■ **DATA TO USE**
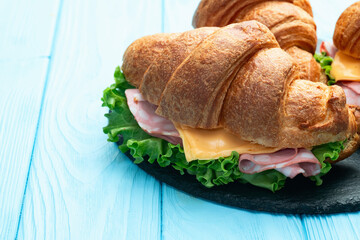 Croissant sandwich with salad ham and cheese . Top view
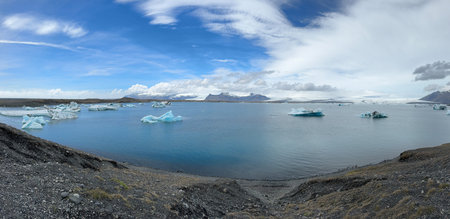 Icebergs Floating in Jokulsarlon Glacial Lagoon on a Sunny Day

--

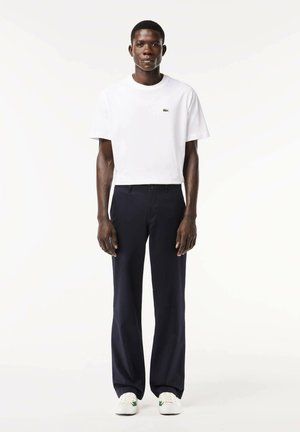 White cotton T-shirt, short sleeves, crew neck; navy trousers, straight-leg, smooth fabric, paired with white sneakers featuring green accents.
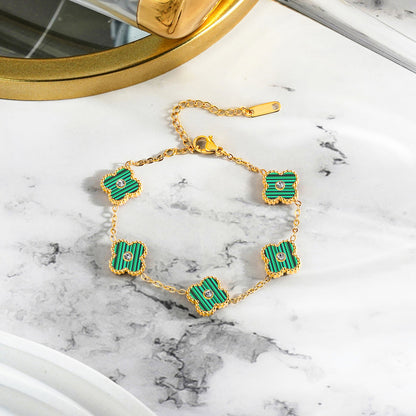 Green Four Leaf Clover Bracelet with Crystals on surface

■ **ACTIVITY**
From the records above, copy only the lines running from the line containing "White cotton T-shirt, short" to the line containing "Green Four Leaf", both ends included. Leave the pictures out.

■ **TASK ANSWER**
 White cotton T-shirt, short sleeves, crew neck; navy trousers, straight-leg, smooth fabric, paired with white sneakers featuring green accents.
 Green Four Leaf Clover Bracelet with Crystals on surface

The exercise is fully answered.